AVAILABLE DATA:
┌────────

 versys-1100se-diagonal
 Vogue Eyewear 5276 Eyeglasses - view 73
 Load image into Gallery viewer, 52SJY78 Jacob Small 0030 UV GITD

└────────

EXERCISE: All of the lines above must be returned exactly.

ANSWER SECTION:
 versys-1100se-diagonal
 Vogue Eyewear 5276 Eyeglasses - view 73
 Load image into Gallery viewer, 52SJY78 Jacob Small 0030 UV GITD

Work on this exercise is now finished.